Every engagement I take starts the same way — and it looks nothing like the generic “meet stakeholders and learn the product” advice. I’ve done this at Ford, Amazon, Venmo, Blue Cross, and as an independent consultant. The playbook has evolved over twelve years, but the core moves haven’t changed. Here’s the actual methodology.

Step 1: Find the Doers

Not the org chart leaders — the people who actually get things done. Every organization has them. They’re the ones other people go to when something needs to ship. They might be senior, they might be individual contributors. Their titles are irrelevant. What matters is that when you need something to move, these are the people who make it happen.

Finding them early is the single highest-leverage move in the first week. Ask everyone you meet: “Who do you go to when you need something done quickly?” The same names come up fast. Those are your people. Build those relationships first — not the executive sponsors, not the steering committee. The doers.

Step 2: Find Where the Bodies Are Buried

Sit with the people living the problem. Not in a conference room with an interview guide — at their desks, watching them do their actual work. This is where the real problems surface, because people have normalized the pain. They won’t mention it in a meeting. You have to watch it happen.

What you’re listening for: the complaints people make to their neighbor but never put in a feedback form. The workarounds they’ve built that nobody asked them to build. The tools they avoid. The processes they’ve stopped following because the process doesn’t match reality. The real problem is never in the brief — it’s in the gap between what’s documented and what actually happens.

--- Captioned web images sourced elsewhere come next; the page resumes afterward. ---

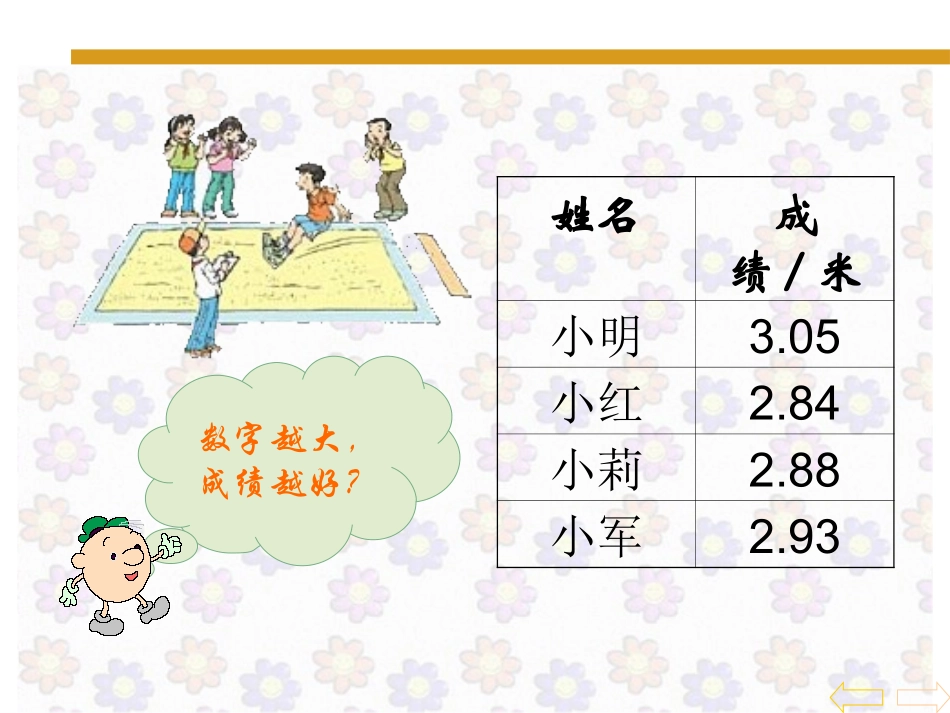 人教2011版小学数学四年级小学四年级下册-小数的大小比较-洪观学校_第3页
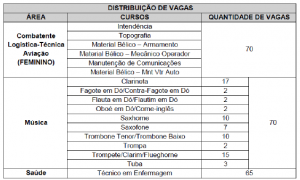 Traduzindo O Edital Essa Confira Todos Os Detalhes Sobre O Concurso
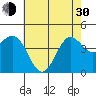Mussel Shoals tide chart for Thursday, May 30, 2024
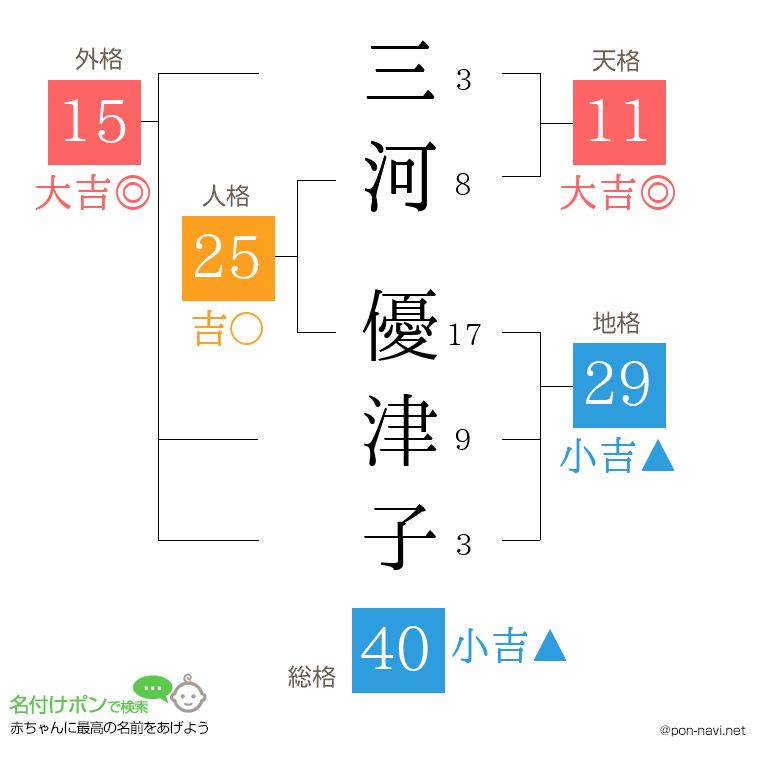 三河 優津子さんの姓名判断結果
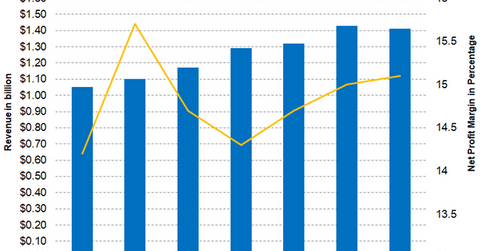 uploads///Part SPS Q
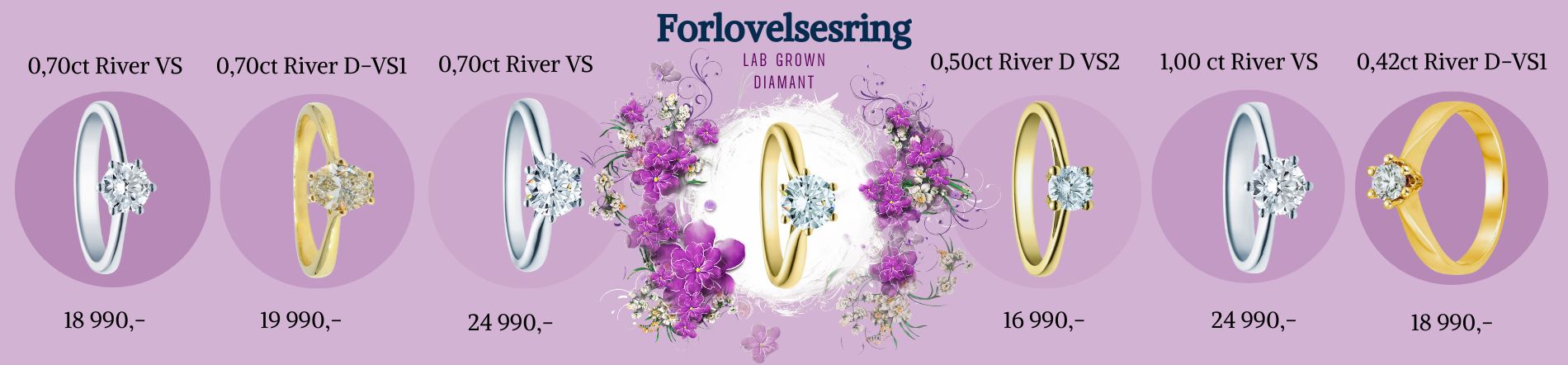 Lab Grown diamanter
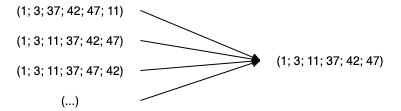 mathe:sek-ii:q3:stochastik-berechnung:permutation:beispiel1.png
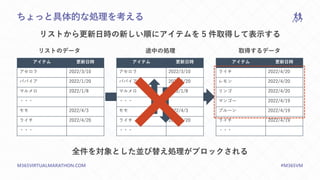 M365VIRTUALMARATHON.COM #M365VM
ちょっと具体的な処理を考える
リストから更新日時の新しい順にアイテムを 5 件取得して表示する
アイテム 更新日時
アセロラ 2022/3/10
パパイア 2022/1/20
マルメロ 2022/1/8
・・・
モモ 2022/4/3
ライチ 2022/4/20
・・・
アイテム 更新日時
アセロラ 2022/3/10
パパイア 2022/1/20
マルメロ 2022/1/8
・・・
モモ 2022/4/3
ライチ 2022/4/20
・・・
アイテム 更新日時
ライチ 2022/4/20
レモン 2022/4/20
リンゴ 2022/4/20
マンゴー 2022/4/19
プルーン 2022/4/19
ライチ 2022/4/19
・・・
リストのデータ 取得するデータ
全件を対象とした並び替え処理がブロックされる
途中の処理
 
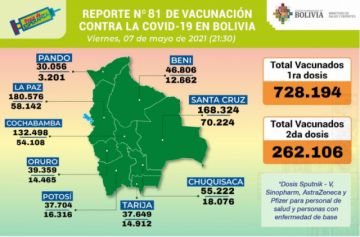 Reporte del Ministerio de Salud.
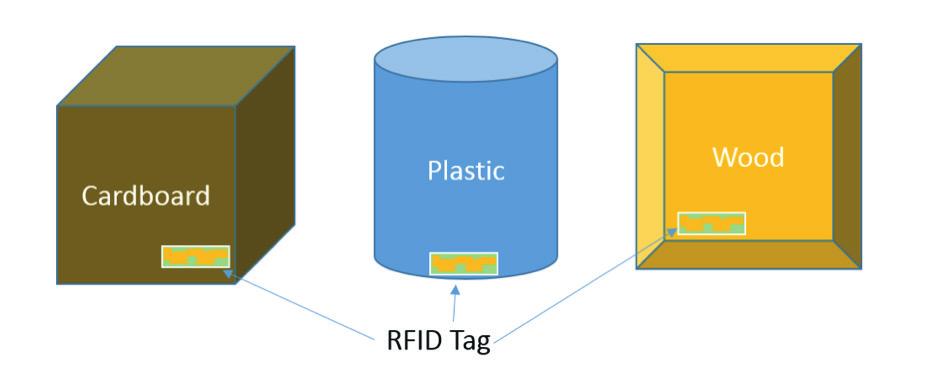 Application Note Synthesizing UHF RFID Antennas on Dielectric Substrates Overview Radio-frequency identification (RFID) is a rapidly developing technology that uses electromagnetic fields to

Step 3: Map Personas and Problem Themes

Take everything you’ve heard and group it. Not into user journey maps or fancy research artifacts — into personas and themes. Who are the distinct groups of people affected? What are the 3-5 problems that keep surfacing across conversations?

This synthesis step is where most people stall. They gather inputs forever. The signal to move: when you start hearing the same patterns from different people, you’ve hit what I call the pattern saturation point. That usually happens in week two. If you’re still gathering by week four, you’re hiding behind research.

Step 4: Map Systems and Processes (in Parallel)

While you’re doing the people work in steps 1-3, you’re simultaneously mapping the technical and operational landscape. What systems exist? How do they connect — or don’t? What are the processes, and where have they diverged from what’s documented?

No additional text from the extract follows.